Head chef Tono Perez likes the food he serves to be loud and colourful but somehow traditional. Suckling pig he hides beneath a layer of neon-green wasabi pea cream sauce.

There follows a tomato soup with cockles and an ice cream made of spring onions.

It was thanks to this kind of special regional cuisine that Tono was elected Spain's most creative cook in 2014. His restaurant, Atrio, in the city of Caceres, 250 kilometres southwest of the capital Madrid, has been awarded two Michelin stars.

"Given the quality of our regional products, I can hardly go wrong," Tono modestly says about such honours.

Even many Spaniards don't know that the city is a bastion of top cuisine, he notes.

"Over and over, visitors are amazed at how well one can eat in Caceres and the surrounding region."

It comes as no wonder, then, the Spanish Association of Hoteliers and Restaurant Critics has chosen Caceres as its capital of gastronomy for 2015.

Throughout the year, restaurants are enticing visitors with regional specialties and menus. A dish for shepherds, migas del pastor, with spicy paprika sausage, is a regular on the menus. Partridge, rabbit, wild boar and venison are also regional standards.

On gastronomy tours through the Extremadura region, visitors can sample local wines, various types of cheese and a variety of sausages. Tapas competitions are bringing crowds into the province along with folk festivals.

In October, the city of Casar de Caceres celebrates the most famous cheese of the region, the torta del casar, made from goat's milk.

Traditional slaughtering feasts in the springtime in Alcantara celebrate acorn-fed black Iberian pigs and the aromatic ham called jamon iberico made from them.
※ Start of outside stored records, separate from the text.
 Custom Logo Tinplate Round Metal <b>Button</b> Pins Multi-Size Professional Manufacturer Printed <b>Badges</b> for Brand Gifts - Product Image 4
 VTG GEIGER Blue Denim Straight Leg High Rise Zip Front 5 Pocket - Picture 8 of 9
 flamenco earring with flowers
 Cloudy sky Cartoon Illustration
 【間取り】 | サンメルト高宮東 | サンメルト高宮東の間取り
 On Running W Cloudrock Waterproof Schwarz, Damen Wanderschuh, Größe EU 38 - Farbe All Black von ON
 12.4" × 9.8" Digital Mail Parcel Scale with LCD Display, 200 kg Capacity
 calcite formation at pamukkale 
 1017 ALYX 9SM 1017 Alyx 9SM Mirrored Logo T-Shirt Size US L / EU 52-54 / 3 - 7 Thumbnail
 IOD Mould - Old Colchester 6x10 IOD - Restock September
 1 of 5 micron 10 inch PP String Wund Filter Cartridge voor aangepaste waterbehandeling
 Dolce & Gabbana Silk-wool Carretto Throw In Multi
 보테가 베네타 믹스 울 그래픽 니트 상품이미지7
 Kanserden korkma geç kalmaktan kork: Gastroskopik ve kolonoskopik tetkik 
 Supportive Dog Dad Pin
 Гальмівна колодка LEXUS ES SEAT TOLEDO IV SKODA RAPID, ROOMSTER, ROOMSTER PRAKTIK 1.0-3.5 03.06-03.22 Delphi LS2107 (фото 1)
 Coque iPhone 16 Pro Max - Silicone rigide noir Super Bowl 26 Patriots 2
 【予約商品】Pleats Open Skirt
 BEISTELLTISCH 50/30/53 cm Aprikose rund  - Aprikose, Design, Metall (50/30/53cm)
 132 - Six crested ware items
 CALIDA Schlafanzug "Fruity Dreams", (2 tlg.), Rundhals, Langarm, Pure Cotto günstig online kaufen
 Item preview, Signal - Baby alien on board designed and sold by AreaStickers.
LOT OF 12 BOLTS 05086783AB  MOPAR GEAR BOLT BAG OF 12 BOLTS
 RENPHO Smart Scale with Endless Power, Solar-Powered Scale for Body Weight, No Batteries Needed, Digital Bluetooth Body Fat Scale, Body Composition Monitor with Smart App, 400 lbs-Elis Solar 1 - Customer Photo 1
Each ham is hung for three years to be dry-cured, says Carlos Bautista from the mountain village of Montachez.

The process is labour intensive and the breeding of the pigs is expensive. But it's a lucrative business in the end - 100 grams of jamon iberico can cost up to 30 euros ($A42), earning it the nickname "black gold".

The influences of many cuisines - Arab, Portuguese, Castilian and Jewish - are to be found in Caceres, says Miguel Angel Gil, head of the Capital of Gastronomy program.

Moorish culture left behind not only thick fortified walls and cisterns up to the 12th century but also many spices and recipes for candy confections.

The influence of Christian monasteries was also very strong.

In the monastery garden of Guadalupe, monks cultivated many unknown fruits and vegetables - tomatoes, potatoes and paprika - that the Spanish conquistadores had brought back from the New World.

In both culinary and tourism terms, Caceres is good for some surprises and is out to prove this in 2015. Even many Spaniards do not know Caceres, along with the Estonian capital Talinn, has one of the best-preserved medieval city centres in all of Europe.

Since 1986, Caceres has been listed as a World Cultural Heritage Site by UNESCO.